Politica

Pensões. Jerónimo defende aumento acima dos 10 euros

Jerónimo de Sousa considerou hoje que a disponibilidade do governo para aumentar as pensões, no âmbito da discussão do Orçamento do Estado para o próximo ano, mostra que existe “um bom caminho” para a convergência. “Essa disponibilidade aparentemente existente da parte do governo é um bom caminho para procurar a convergência.
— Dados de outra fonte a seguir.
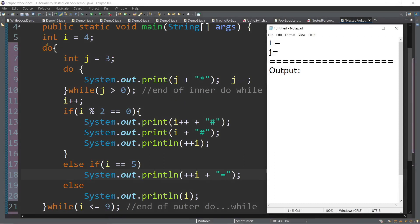Now in line number 5, we have a variable declaration: int i is equal to 4. So I have here, you just have to write again 4 as the initial value of i. And then as you can see, there is a do-while loop here — the outer — and then we have the inner loop.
Há muitos anos que não há qualquer aumento para centenas de milhares de reformados e pensionistas”.

O secretário-geral dos comunistas defendeu, no final da reunião do Comité Central, um “aumento extraordinário das reformas e pensões não inferior a 10 euros, quer para as pensões mais baixas, quer para as restantes, visando a reposição das parcelas de rendimentos perdidas nos últimos quatro anos”.

A exigência do PCP surge um dia depois de António Costa ter assumido, na rentrée do PS, que o governo “não deixará de assegurar àqueles que recebem as mais baixas pensões que as suas pensões serão respostas e permitirão repor o poder de compra, diminuindo as desigualdades entre pensionistas”.
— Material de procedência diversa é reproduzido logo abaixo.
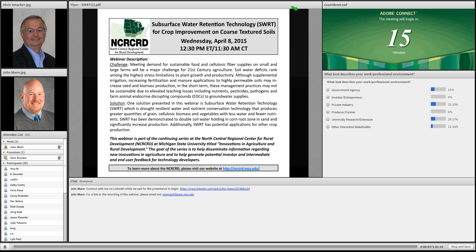We are at 12:30 Eastern Time so we will go ahead and get started. My name is John Mann and I am an assistant professor at Michigan State University. I host this series, the Innovations in Agriculture and Rural Development, which is sponsored by the North Central Regional Center for Rural Development. I want to welcome everybody to today's webinar. The title is Surface Water Retention Technology for Crop Improvement on Coarse Textured Soils.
Para além do aumento das pensões, Jerónimo defendeu que é preciso acabar com o pagamento do subsídio de Natal dos pensionistas em duodécimos. “Não se justifica esta manutenção dos duodécimos”.

Jerónimo de Sousa garantiu ainda, que no âmbito do orçamento para o próximo ano e no plano da intervenção política, o PCP vai bater-se, nos próximos meses, pelo aumento do salário mínimo para 600 euros a partir do início do próximo ano, pela revogação das normas gravosas da legislação laboral, pela gratuidade dos manuais escolares e pela necessidade de tributar o “património mobiliário e o grande património imobiliário e de luxo, aliviando os impostos sobre os trabalhadores, o povo e as pequenas e médias empresas”.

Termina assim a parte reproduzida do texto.